Games as Model Eval: 1-Click Deploy AI Town on Fly.io

Flyman as pacman - Games as model evaluation
Image by Annie Ruygt

Recently, I suggested that The Future Isn’t Model Agnostic, that it’s better to pick one model that works for your project and build around it, rather than engineering for model flexibility. If you buy that, you also have to acknowledge how important comprehensive model evaluation becomes.

Benchmarks tell us almost nothing about how a model will actually behave in the wild, especially with long contexts, or when trusted to deliver the tone and feel that defines the UX we’re shooting for. Even the best evaluation pipelines usually end in subjective, side-by-side output comparisons. Not especially rigorous, and more importantly, boring af.

Can we gamify model evaluation? Oh yes. And not just because we get to have some fun for once. Google backed me up this week when it announced the Kaggle Game Arena. A public platform where we can watch AI models duke it out in a variety of classic games. Quoting Google; “Current AI benchmarks are struggling to keep pace with modern models… it can be hard to know if models trained on internet data are actually solving problems or just remembering answers they’ve already seen.”

When models boss reading comprehension tests, or ace math problems, we pay attention. But when they fail to navigate a simple conversation with a virtual character or completely botch a strategic decision in a game environment, we tell ourselves we’re not building a game anyway and develop strategic short-term memory loss. Just like I’ve told my mom a thousand times, games are great at testing brains, and it’s time we take this seriously when it comes to model evaluation.

Why Games Don’t Lie

Games provide what benchmarks can’t, “a clear, unambiguous signal of success.” They give us observable behavior in dynamic environments, the kind that would be extremely difficult (and tedious) to simulate with prompt engineering alone.

Games force models to demonstrate the skills we actually care about; strategic reasoning, long-term planning, and dynamic adaptation in interactions with an opponent or a collaborator.

Pixel Art Meets Effective Model Evaluation - AI Town on Fly.io

AI Town is a brilliant project by a16z-infra, based on the the mind-bending paper, Generative Agents: Interactive Simulacra of Human Behavior. It’s a beautifully rendered little town in which tiny people with AI brains and engineered personalities go about their lives, interacting with each other and their environment. Characters need to remember past conversations, maintain relationships, react dynamically to new situations, and stay in character while doing it all.

I challenge you to find a more entertaining way of evaluating conversational models.

I’ve forked the project to make it absurdly easy to spin up your own AI Town on Fly Machines. You’ve got a single deploy script that will set everything up for you and some built-in cost and performance optimizations, with our handy scale to zero functionality as standard (so you only pay for the time spent running it). This makes it easy to share with your team, your friends and your mom.
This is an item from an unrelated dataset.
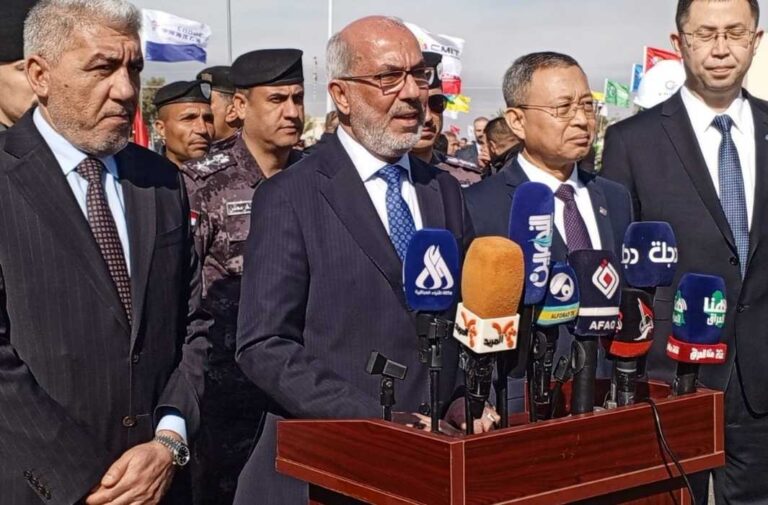 العراق: افتتاح محطة شمسية جديدة باستطاعة 10 ميجاواط بحقل البزركان النفطي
In it’s current state, the fork makes it as easy as possible to test any OpenAI-compatible service, any model on Together.ai and even custom embedding models. Simply set the relevant API key in your secrets.

Games like AI Town give us a window into how models actually think, adapt, and behave beyond the context of our prompts. You move past performance metrics and begin to understand a model’s personality, quirks, strengths, and weaknesses; all factors that ultimately shape your project’s UX.